Backbone addressing plan
IP Address | DNS Name |
---|---|
100.64.0.1 | vtp.ws.nsrc.org (server for groups 1-4) |
100.64.0.2 | tr1.ws.nsrc.org |
100.64.0.3 | tr2.ws.nsrc.org |
100.64.0.5 | rs1.ws.nsrc.org |
100.64.0.6 | rs2.ws.nsrc.org |
100.64.0.8 | vtp2.ws.nsrc.org (server for groups 5-8) |
100.64.0.10 | srv1.ws.nsrc.org |
100.64.0.20 | srv2.ws.nsrc.org |
100.64.0.30 | srv3.ws.nsrc.org |
100.64.0.40 | srv4.ws.nsrc.org |
100.64.0.50 | srv5.ws.nsrc.org |
100.64.0.60 | srv6.ws.nsrc.org |
100.64.0.70 | srv7.ws.nsrc.org |
100.64.0.80 | srv8.ws.nsrc.org |
See the training materials for the addressing plan used inside the network.
Credentials
These passwords are shared with the students:
Device | Username | Password | Enable |
---|---|---|---|
Student routers | isplab |
lab-PW |
lab-EN |
Student SRV | isplab |
lab-PW |
(In the initial state "00-blank", the student routers are unconfigured)
The instructor logins are not shared with the students:
Device | Username | Password | Enable |
---|---|---|---|
TRx, SRx, IXPx | nsrc |
nsrc-PW |
nsrc-EN |
RSx | nsrc |
nsrc-PW |
The isplab
/ lab-PW
login also works on these devices, so that students
can inspect the state of the infrastructure, e.g. show BGP status, although
they will not know the enable password.
On the route servers, the isplab
account is not able to sudo
- but it is
in group bird
so they can read bird.conf
and interact using birdc
.
Snapshots
There are pre-generated snapshots for many different stages of the lab.
Normally this class starts with the routers and switches completely unconfigured.

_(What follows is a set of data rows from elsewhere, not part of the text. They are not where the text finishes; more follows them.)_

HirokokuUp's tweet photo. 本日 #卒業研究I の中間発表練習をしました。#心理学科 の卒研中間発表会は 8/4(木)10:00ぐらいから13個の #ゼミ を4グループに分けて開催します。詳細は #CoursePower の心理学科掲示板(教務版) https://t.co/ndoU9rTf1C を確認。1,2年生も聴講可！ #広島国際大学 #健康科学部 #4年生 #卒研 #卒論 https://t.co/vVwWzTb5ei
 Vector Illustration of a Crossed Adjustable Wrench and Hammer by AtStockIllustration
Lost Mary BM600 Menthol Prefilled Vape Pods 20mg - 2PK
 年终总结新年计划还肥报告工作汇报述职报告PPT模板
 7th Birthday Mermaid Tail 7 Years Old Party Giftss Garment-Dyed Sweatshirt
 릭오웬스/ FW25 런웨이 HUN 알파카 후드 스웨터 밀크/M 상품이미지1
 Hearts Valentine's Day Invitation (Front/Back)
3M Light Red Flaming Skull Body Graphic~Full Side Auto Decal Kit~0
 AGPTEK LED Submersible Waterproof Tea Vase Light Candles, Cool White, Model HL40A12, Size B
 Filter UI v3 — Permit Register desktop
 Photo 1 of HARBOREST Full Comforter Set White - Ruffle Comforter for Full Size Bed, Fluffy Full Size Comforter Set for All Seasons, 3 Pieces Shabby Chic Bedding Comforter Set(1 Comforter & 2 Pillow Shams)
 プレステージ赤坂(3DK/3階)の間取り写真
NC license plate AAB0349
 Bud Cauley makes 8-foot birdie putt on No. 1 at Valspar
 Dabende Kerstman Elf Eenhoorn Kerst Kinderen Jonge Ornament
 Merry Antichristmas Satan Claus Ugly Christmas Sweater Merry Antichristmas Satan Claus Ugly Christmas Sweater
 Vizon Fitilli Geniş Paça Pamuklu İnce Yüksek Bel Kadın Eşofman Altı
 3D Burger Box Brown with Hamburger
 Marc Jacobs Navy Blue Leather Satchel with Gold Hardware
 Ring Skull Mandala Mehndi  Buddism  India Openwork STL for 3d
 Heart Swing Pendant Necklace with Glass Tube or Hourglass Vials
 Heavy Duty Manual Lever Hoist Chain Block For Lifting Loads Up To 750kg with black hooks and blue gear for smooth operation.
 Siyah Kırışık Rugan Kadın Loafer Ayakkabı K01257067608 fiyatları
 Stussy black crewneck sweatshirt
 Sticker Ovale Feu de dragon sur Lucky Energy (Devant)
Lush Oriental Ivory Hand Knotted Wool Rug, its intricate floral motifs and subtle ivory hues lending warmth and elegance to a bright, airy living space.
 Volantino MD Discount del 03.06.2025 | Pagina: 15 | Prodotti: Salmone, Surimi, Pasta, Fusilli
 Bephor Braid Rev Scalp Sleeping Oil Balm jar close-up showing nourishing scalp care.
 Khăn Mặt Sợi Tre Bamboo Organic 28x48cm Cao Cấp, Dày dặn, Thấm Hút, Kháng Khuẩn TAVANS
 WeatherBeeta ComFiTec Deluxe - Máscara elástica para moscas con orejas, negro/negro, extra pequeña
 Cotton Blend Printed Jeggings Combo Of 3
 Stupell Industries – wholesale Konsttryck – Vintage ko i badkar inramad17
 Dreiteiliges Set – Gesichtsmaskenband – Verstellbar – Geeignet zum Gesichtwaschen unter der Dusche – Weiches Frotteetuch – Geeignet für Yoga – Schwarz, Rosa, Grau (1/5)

You can reset to this state using the "00-base" snapshot (note that the transit and IXP routers are configured in this snapshot). The uplinks from the IXP services router (SR) are shut down, so that the IXP services subnets do not appear in the initial BGP routing table.
You can restore to any given snapshot using Edit > Manage Snapshots
in the
GNS3 client. Beware that when you restore from a snapshot it will reset
all of the devices - including the Linux servers - and you will also lose
any changes you've made to the network topology itself.
Use the gns3man
tool if you want to restore the configuration of an
individual device.
Problem with CSR1000v snapshot restore
There is an intermittent problem with CSR1000v snapshot restore - you may find some devices ignore the prepared configuration and instead go into the "initial configuration" dialog. Any affected routers can be fixed simply by right-clicking in the GNS3 GUI and reloading them:
Alternatively, a faster way is to say "no" to the configuration dialog, get
to the router prompt and do copy flash:config running
, as follows:
--- System Configuration Dialog ---
Would you like to enter the initial configuration dialog? [yes/no]: no
Would you like to terminate autoinstall? [yes]:
<lots of stuff>
Router>en
Router#copy flash:config.txt running-config
Destination filename [running-config]?
% Warning: use /31 mask on non point-to-point interface cautiously
... etc
If you are restoring the entire class to a later stage, a quick way to check them is to login just to the core routers (CX). If any shows the initial configuration dialog, then fix it. Once you are able to login, check all the expected IS-IS neighbors are present:
Routing Infrastructure and Security Operations Workshop
Network Startup Resource Center
User Access Verification
Username: isplab
Password:
C2>sh isis neighbors
Tag as20:
System Id Type Interface IP Address State Holdtime Circuit Id
P2 L2 Gi2 100.68.2.19 UP 21 01
A2 L2 Gi3 100.68.2.21 UP 23 01
T2 L2 Gi5 100.68.2.23 UP 29 00
C2>
In the above example, B2 is missing, so it would also be necessary to fix B2.